I would expect this to be able to run in any environment but it doesn’t. Basically, I want a non-negativity check for my data, and in theory, I believe this operation should be doable in a way that bails on the first chunk encountered with a negative value. But this gives a

MemoryError: Task ('any-is_neg-any-aggregate-24e0b3e9b637b5719096548e643f64b7',) has 74.51 GiB worth of input dependencies, but worker tcp://127.0.0.1:42023 has memory_limit set to 25.60 GiB.

If I reduce the size to (10_000, 10_000), dask will run the computation and bail out as expected, so seems like a memory check issue.

P.S the drop_axis business is funny but makes things work…not sure how else to describe things.
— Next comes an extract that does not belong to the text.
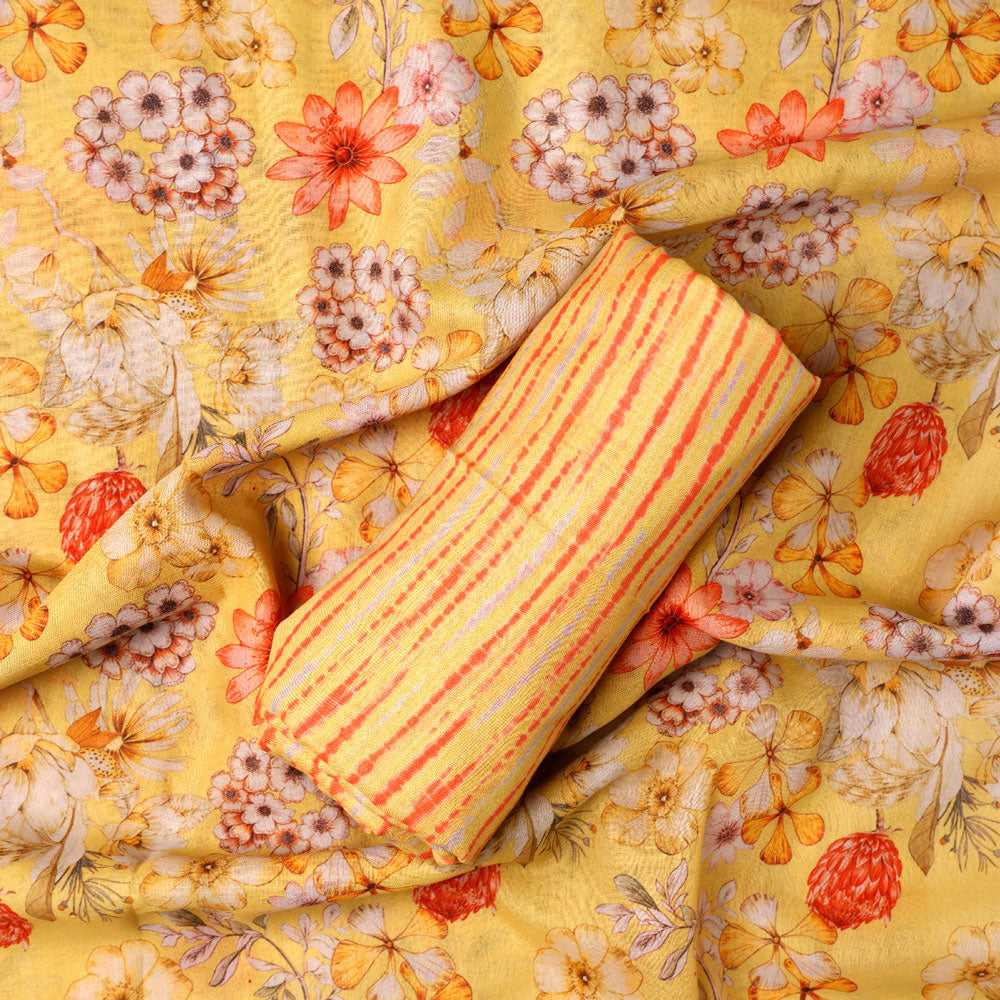 Yellow Linen Printed Unstitched Fabric Set (5 Meter Set)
I will look at that.

Something “correct” (hopefully) like

arr.map_blocks(is_neg, meta=np.array([], dtype=bool), chunks=tuple(tuple(1 for _ in chunk) for chunk in arr.chunks)).any().compute()

or

arr.map_blocks(is_neg, drop_axis=(0, 1), new_axis=(0, 1), meta=np.array([], dtype=bool), chunks=tuple(tuple(1 for _ in chunk) for chunk in arr.chunks)).any().compute()

seems to make things worse in that it tries running everything

Hi @ilan-gold,

I have to admit I still don’t really get this point, but map_blocks does not seem to be really working when you return something different than an array in the function output. I think this has been discussed several times, for example here. Using drop_axis seems to make things even worse by trying to load it all to memory.
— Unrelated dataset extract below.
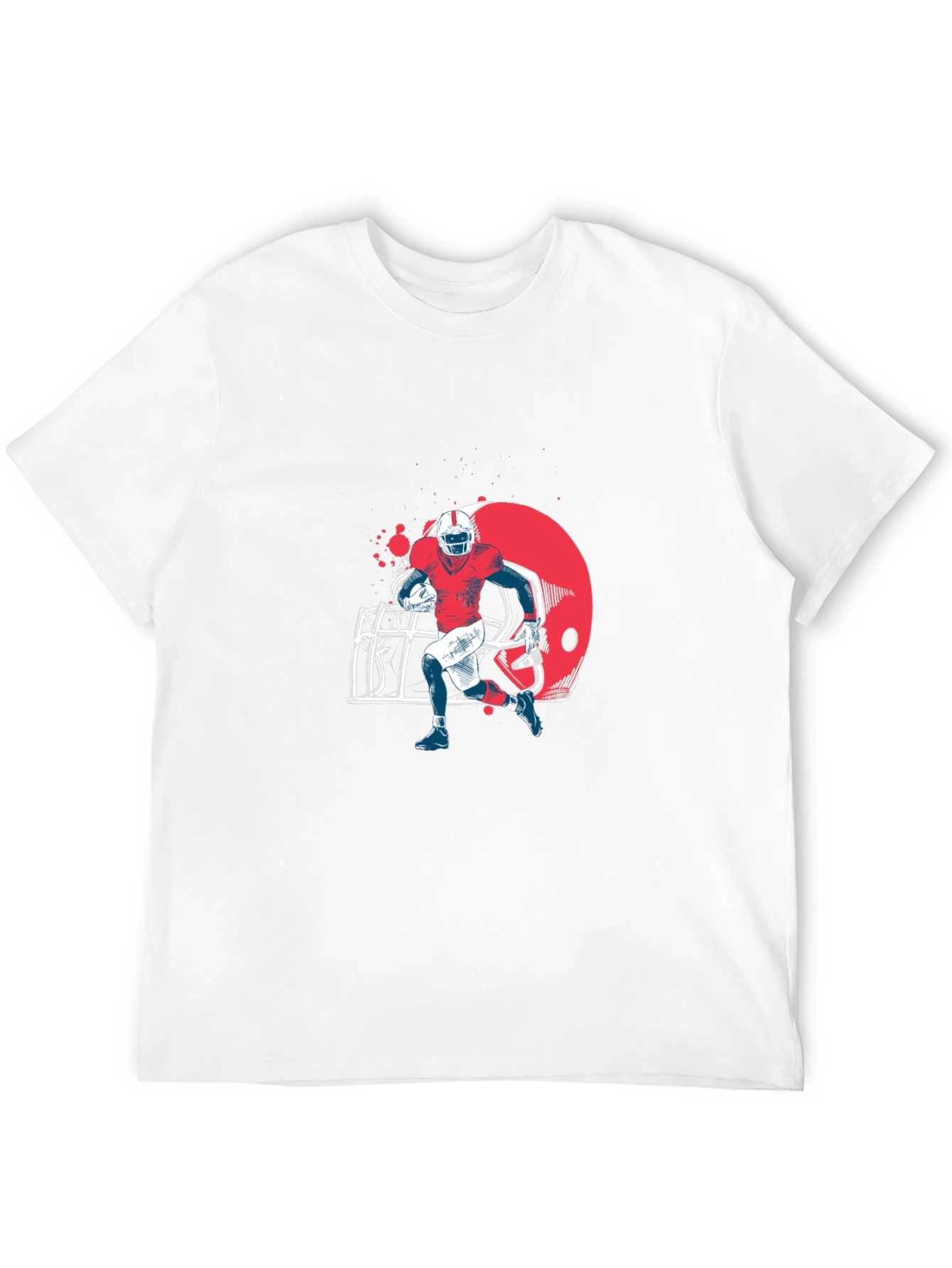 Football Player Graphic Tee - Black Cotton T-Shirt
Good news is, doing something like:

def is_neg(chunk):
    dd.print('running')
    return np.array([[(chunk < 0).sum() > 0]])

arr.map_blocks(is_neg).any().compute()

seems to work.

However, this does not return as soon as a negative value in a chunk is detected, which it seems is what you want?

I think for this, you should go through to_delayed and as_completed pattern.

Hi @guillaumeeb,
I will write up that route but I also tried that and didn’t have good results (it seemed tough to cancel the jobs properly if I remember). But yes, I would want immediate cancellation

You should be able to cancel any Delayed (at least not running). Let me know if you build a reproducer and have trouble with it!